Brief descriptive captions
--------------------------------

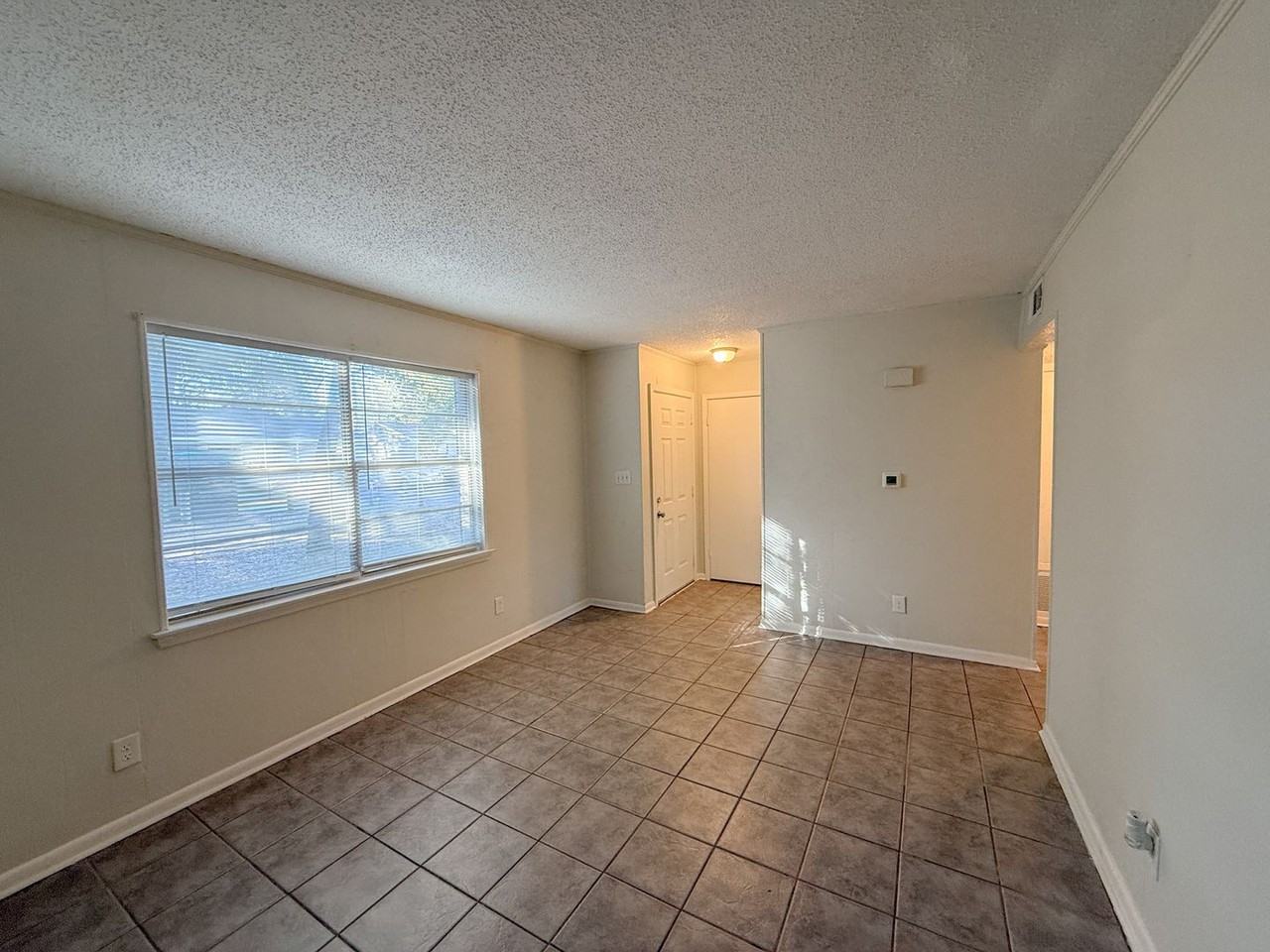 5820 Sanders Ave #T - Photo 2 of 18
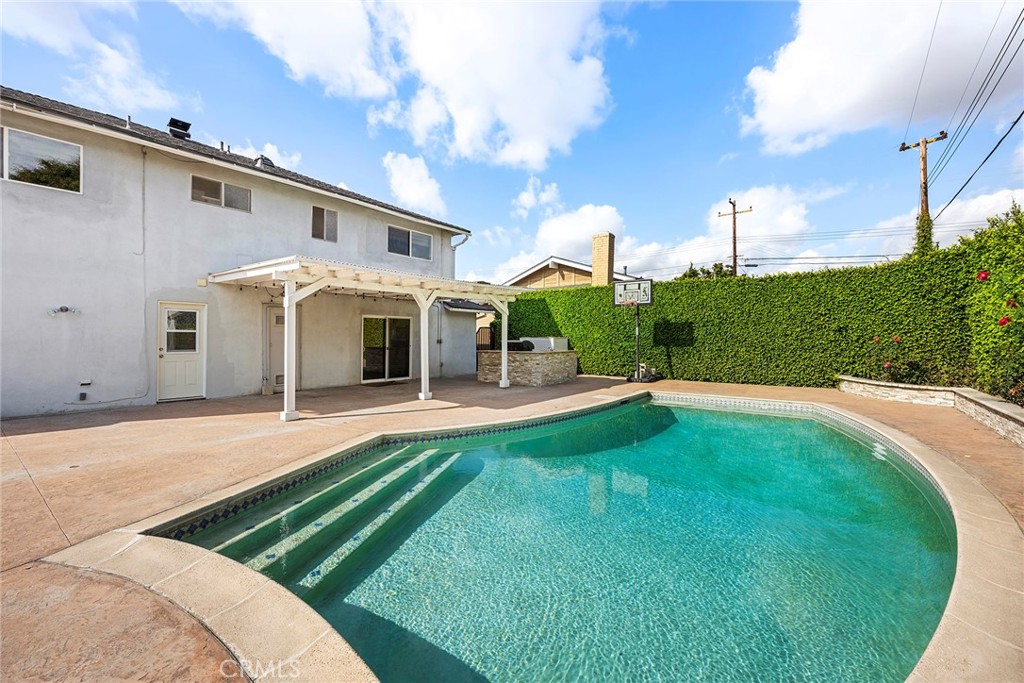 1394 Arrowhead Drive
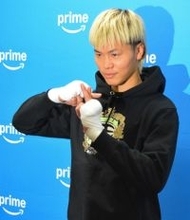 取材に応じる那須川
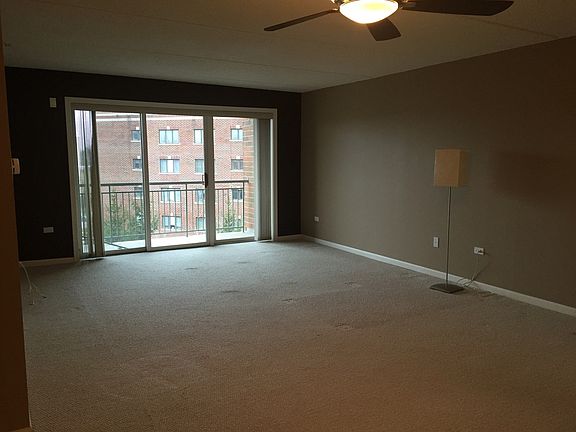 4th image of 430 Western Ave #406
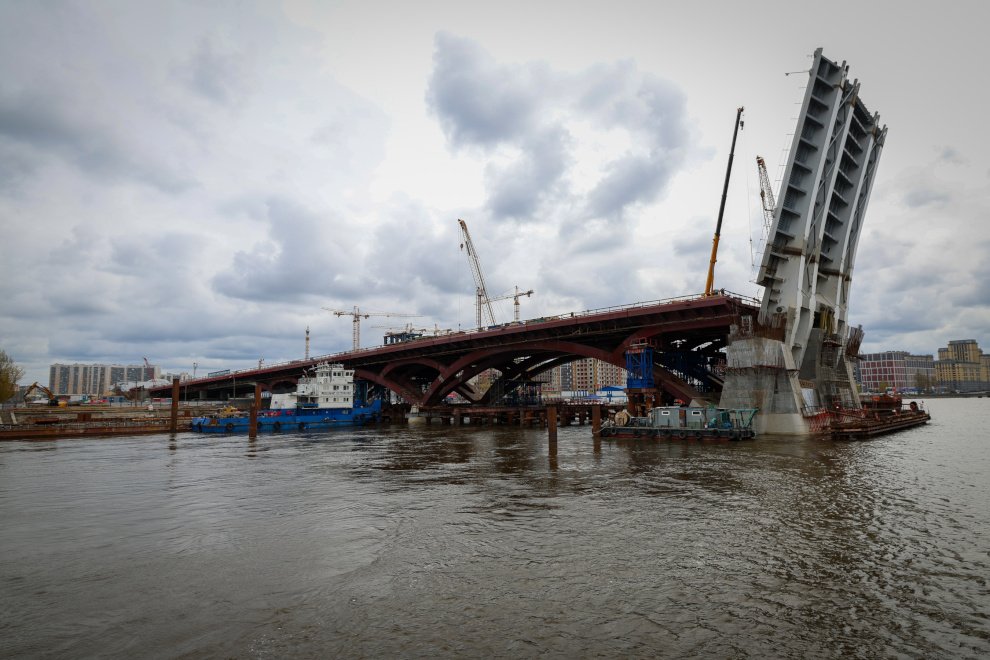 Фото: Смольный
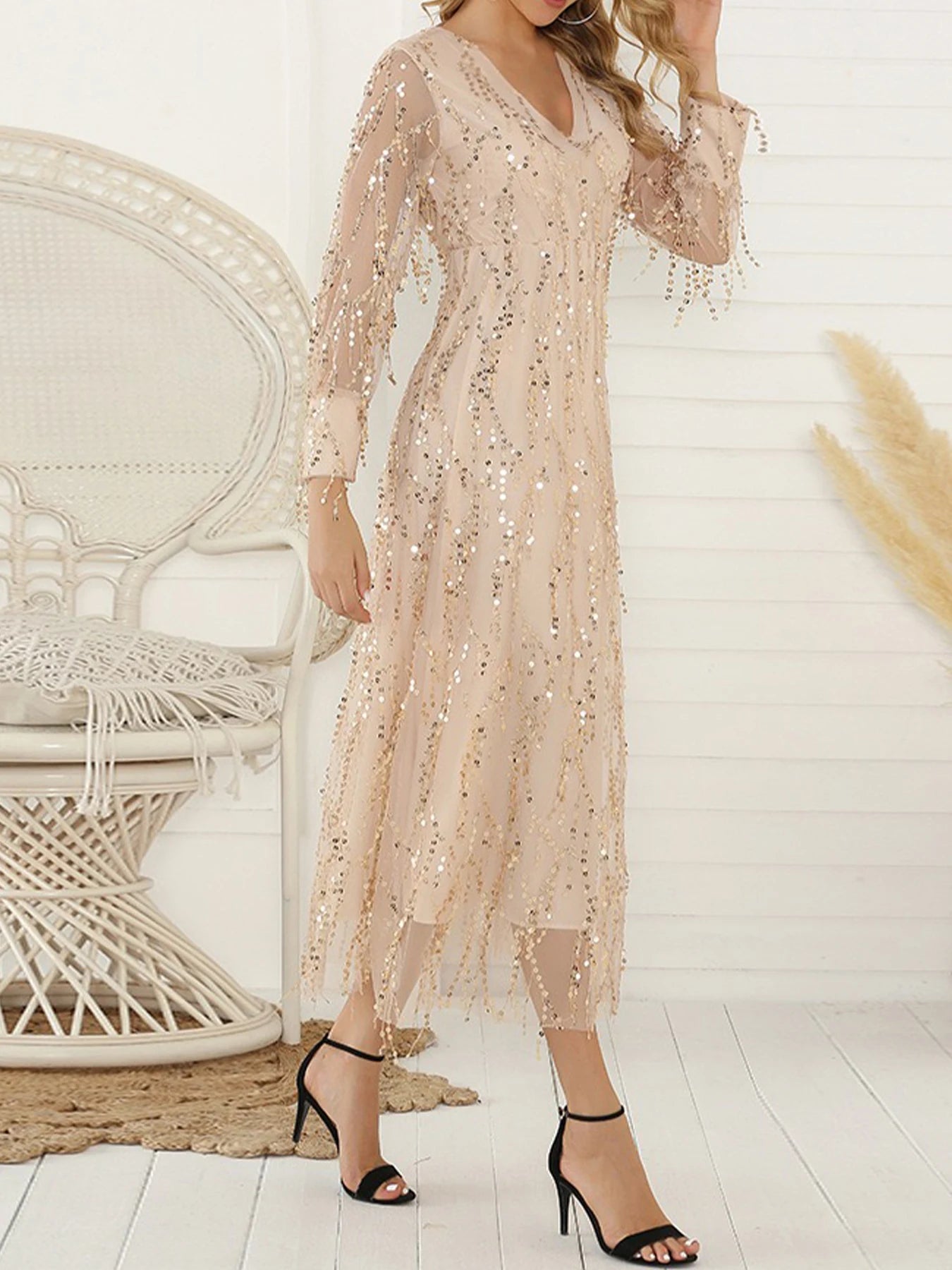 Elegant Long-Sleeved V-Neck Sequined Fringe Dress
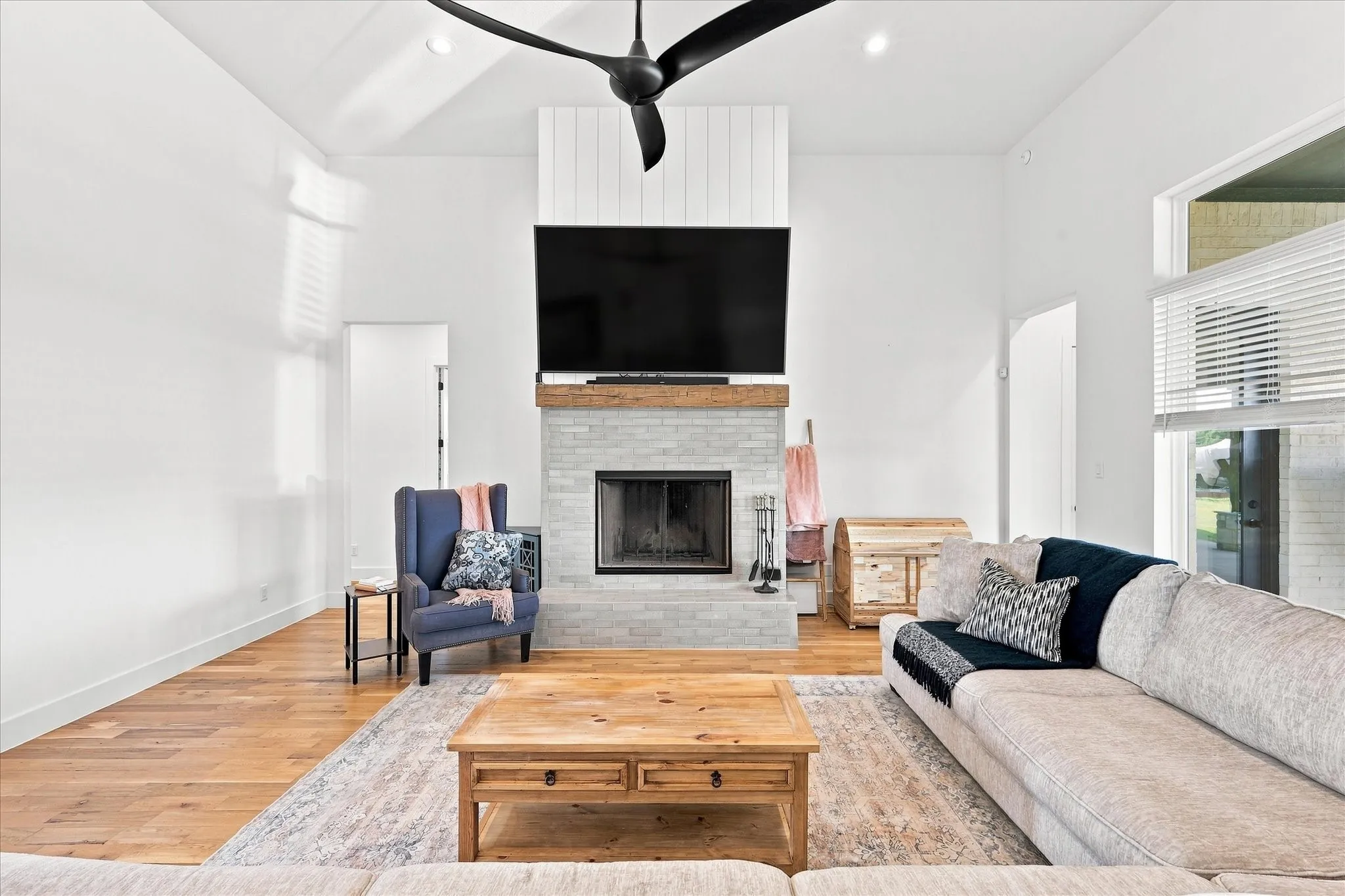 Single Family Residence For Sale in Ellis County , 1020 Hartson Way, Midlothian, Texas 76065, 5 Bedroom, 3 Bathroom, 3 Garage spaces, 3,258 Sqft, built in 2024, mls#21355004, Real Estate Agent in Midlothian, Homes For Sale in Ellis county, Homes For Sale in Midlothian, Realtor in Midlothian Texas, Real Estate Brokerage Independent Realty Texas, Luminita Cordes Realtor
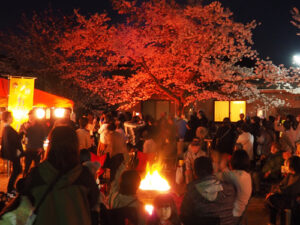 里町の里宮高倉神社境内一帯で６日、「吉美夜桜フェスタ２０２４」（吉美地区自治会連合会・吉美地区まちづくり協議会・同フェスタ実行委員会・はちの会主催）が開催された。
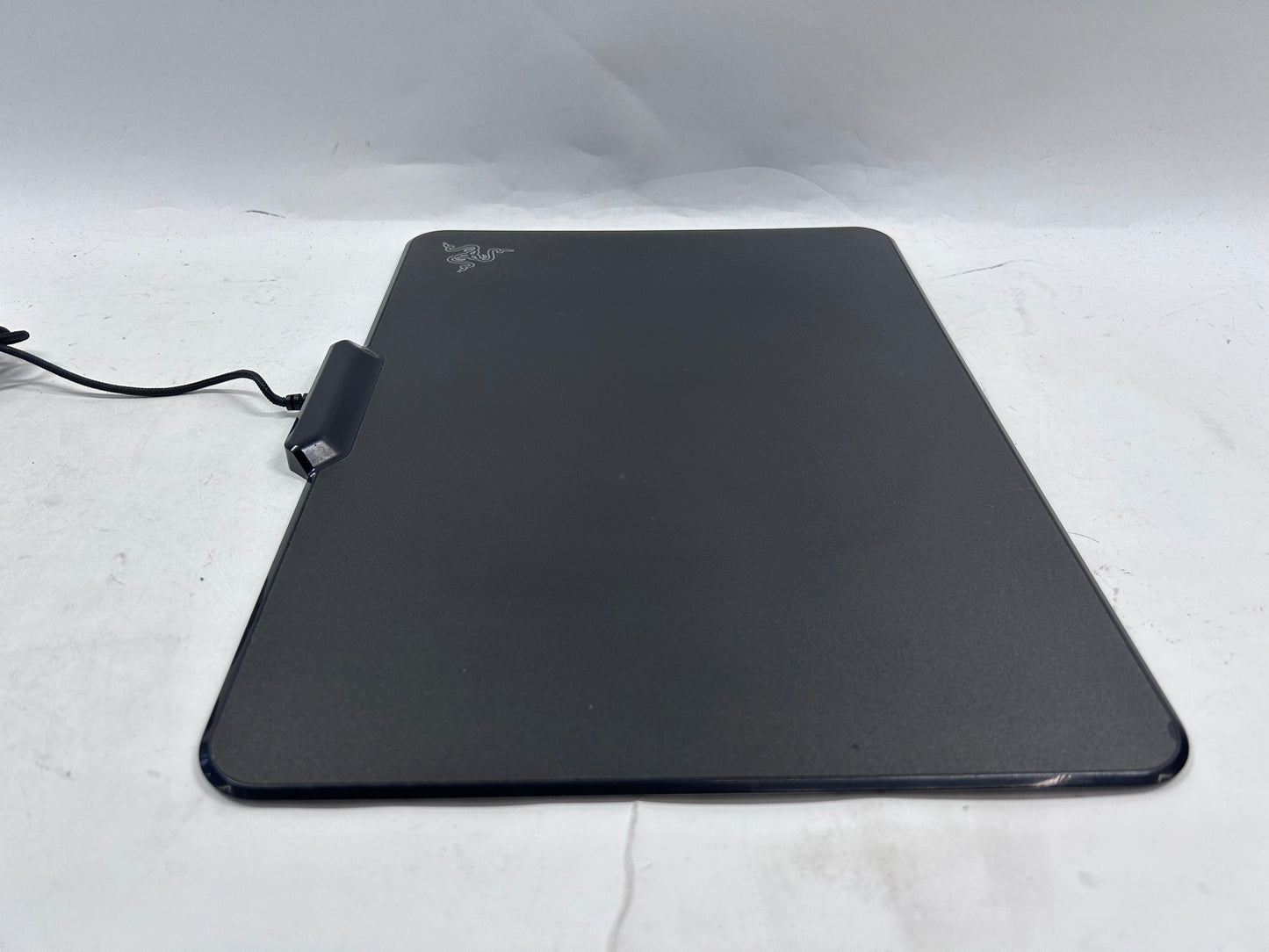 Razer Firefly RGB Hard Mouse Mat RZ02-0135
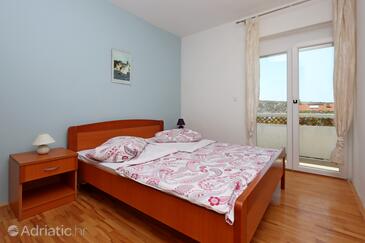 Apartments by the sea Barbat, Rab - 14247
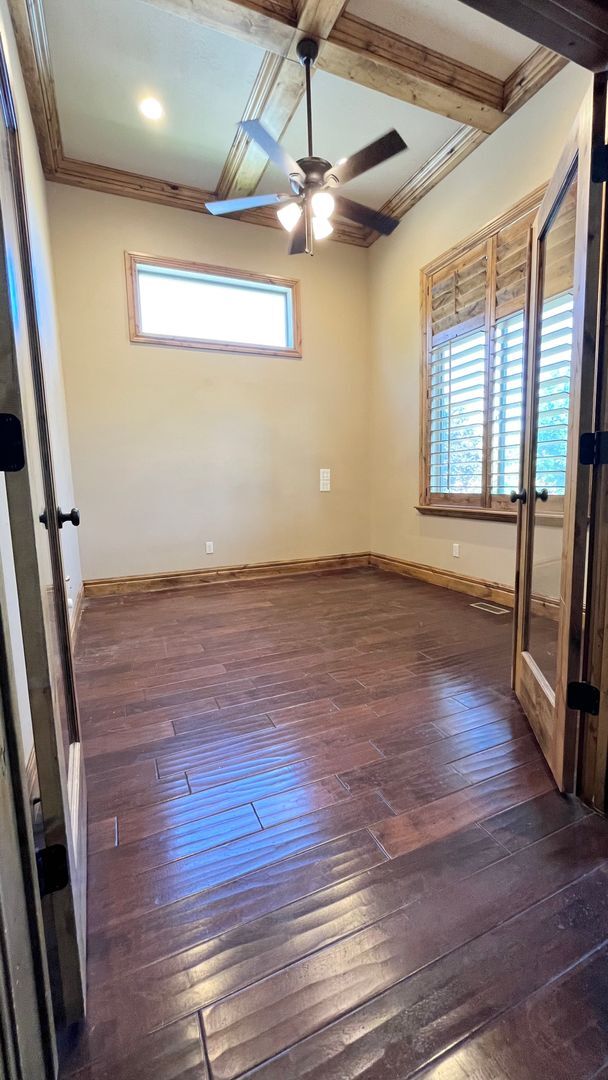 Building Photo - 6 Bed/3.5 Bathroom house in Herriman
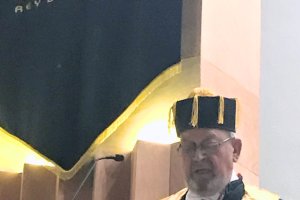 El catedrático emérito de la UAL Ramón Herrara Campos, ayer, durante la lectura de su discurso como nuevo Honoris Causa de la Universidad Potosina de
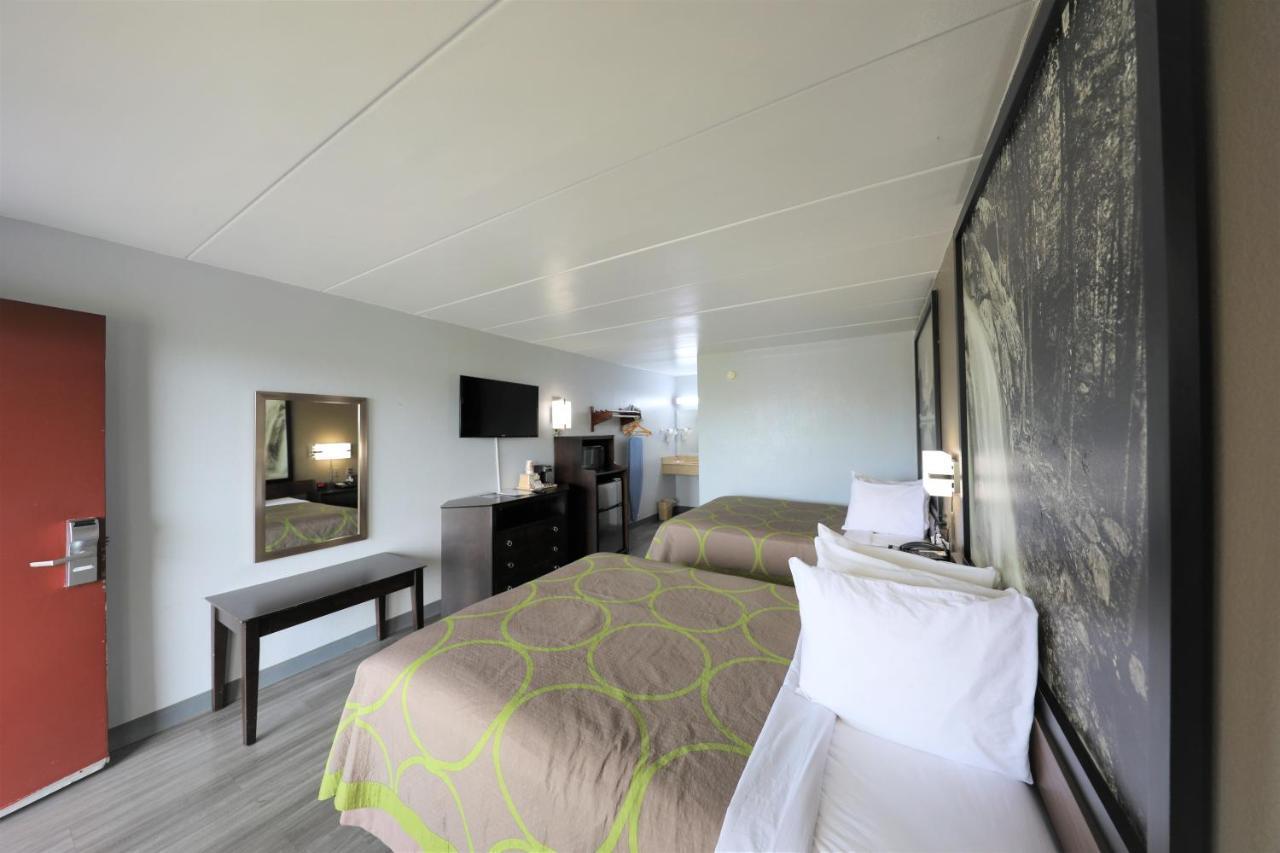 Super 8 by Wyndham Manassas Hotel Bagian luar foto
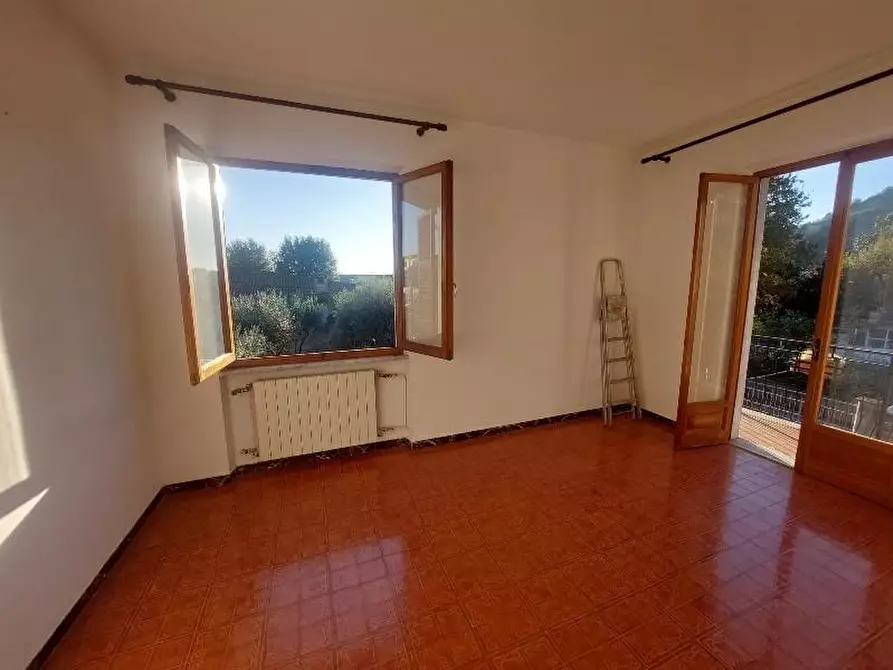 Immagine 22 di Casa semindipendente in vendita  a Massa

--------------------------------

== WORK TO COMPLETE ==
Repeat the records exactly, without the pictures.

== EXERCISE OUTPUT ==
 5820 Sanders Ave #T - Photo 2 of 18
 1394 Arrowhead Drive
 取材に応じる那須川
 4th image of 430 Western Ave #406
 Фото: Смольный
 Elegant Long-Sleeved V-Neck Sequined Fringe Dress
 Single Family Residence For Sale in Ellis County , 1020 Hartson Way, Midlothian, Texas 76065, 5 Bedroom, 3 Bathroom, 3 Garage spaces, 3,258 Sqft, built in 2024, mls#21355004, Real Estate Agent in Midlothian, Homes For Sale in Ellis county, Homes For Sale in Midlothian, Realtor in Midlothian Texas, Real Estate Brokerage Independent Realty Texas, Luminita Cordes Realtor
 里町の里宮高倉神社境内一帯で６日、「吉美夜桜フェスタ２０２４」（吉美地区自治会連合会・吉美地区まちづくり協議会・同フェスタ実行委員会・はちの会主催）が開催された。
 Razer Firefly RGB Hard Mouse Mat RZ02-0135
 Apartments by the sea Barbat, Rab - 14247
 Building Photo - 6 Bed/3.5 Bathroom house in Herriman
 El catedrático emérito de la UAL Ramón Herrara Campos, ayer, durante la lectura de su discurso como nuevo Honoris Causa de la Universidad Potosina de
 Super 8 by Wyndham Manassas Hotel Bagian luar foto
 Immagine 22 di Casa semindipendente in vendita  a Massa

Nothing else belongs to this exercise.